On April 16–17, 2026, the international scientific conference entitled “Linguistic Variation in the Contemporary Sociocultural Context” took place in Vilnius. The event served as a platform for the exchange of ideas among linguists and sociologists; however, from the perspective of contemporary technological challenges, two presentations by our researchers gained particular significance. These were the only papers during the entire event that directly addressed the issue of low-resource languages.
Technological challenges: Protecting against “linguistic homogenization”
A research team consisting of Prof. IS PAN Roman Roszko (ISS PAS), Dr hab. Danuta Roszko (UV), and Dr Piotr Szatkowski (ISS PAS) presented the results of their work on constructing specialized corpora for the Masurian ethnolect and the Lithuanian Puńsk dialect in Poland.
In the era of the rapid expansion of Large Language Models (LLMs), the researchers highlighted the phenomenon of “linguistic homogenisation”. The dominance of high-resource languages in AI training sets causes the specific structures of smaller varieties to be displaced by calques and simplifications.
Key aspects of the project include:
- Resource normalisation challenges and the creation of proper processing pipelines Due to the lack of standardized orthography in dialectal texts, it was necessary to develop advanced processing pipelines. These include tasks such as cleaning “orthographic noise” and performing full substantive correction.
- CLARIN-PL and CLARIN-PL-BIZ-Bis infrastructure The work is being carried out within the extended CLARIN-PL infrastructure, which allows for data preparation in interoperable standards (TMX, TSV, JSON), ready for integration with systems such as “KonText”.
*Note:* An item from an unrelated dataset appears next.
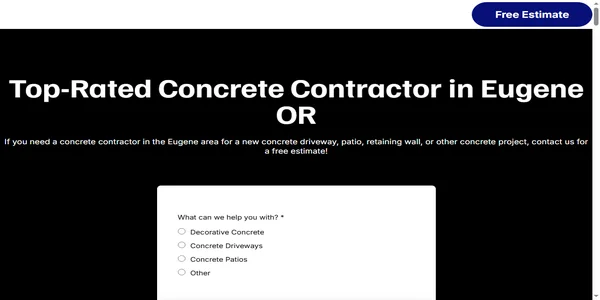Screenshot of eugene-concrete.com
- Benchmarking The project aims to create closed test sets that will allow for an objective assessment of how contemporary AI models perform in understanding and generating texts in these specific linguistic varieties.
A Sociolinguistic Perspective: Can School Save a Language?
Complementing the technological view of multilingualism was an analysis by MA Andrzej Żak (ISS PAS) regarding the status of the Kashubian language. The researcher employed the term “collateral language” – a variety whose linguistic status has been historically contested and which, despite legal recognition, currently struggles with revitalization challenges.
The main findings of the study are:
- The Educational Paradox Despite 30 years of teaching Kashubian in schools and its status as the only regional language in Poland, statistics indicate a decline in the number of active users.
- Extra-systemic Barriers An analysis of sociolinguistic interviews revealed that key obstacles are psychological and ideological factors, such as low social prestige of the language and a deeply rooted sense of shame among older generations.
- Future Strategy The study demonstrates that institutionalization alone (schools, government offices) is insufficient. For a language to survive, a change in social attitudes and the construction of a new, positive linguistic identity are essential.
Andrzej Żak’s participation was funded by the National Science Centre (NCN) SONATA BIS grant awarded to Prof. Nicole Dołowy: “ Linguistic diversity in Poland: collateral languages, language-oriented activities and conceptualization of collective identity” (2020/38/E/HS2/00006).

Summary: The role of CLARIN-PL and CLARIN-PL-BIZ-Bis projects in heritage protection
These presentations clearly demonstrated that protecting smaller linguistic varieties in the 21st century must follow a dual track. On one hand, advanced linguistic engineering – implemented through projects such as CLARIN-PL-BIZ-Bis – is essential to bring these languages into the digital sphere. On the other hand, sociolinguistic reflection is necessary to understand the human context of their use.
The fact that the topic of low-resource languages in Vilnius was raised almost exclusively by our representatives underscores the leading role of the Institute of Slavic Studies of the Polish Academy of Sciences (IS PAN) and the CLARIN-PL and CLARIN-PL-BIZ-Bis consortia in defining the directions of modern Digital Humanities. Without the active creation of data resources, smaller ethnolects are at risk of digital exclusion and fading into non-existence in a world governed by algorithms.
The project “CLARIN – Common Language Resources and Technology Infrastructure” is funded under the Second Priority of the European Funds for a Modern Economy 2021–2027 (FENG) program. Consortium members: Wrocław University of Science and Technology (leader), Institute of Computer Science of the Polish Academy of Sciences, Institute of Slavic Studies of the Polish Academy of Sciences, University of Lodz, University of Wrocław.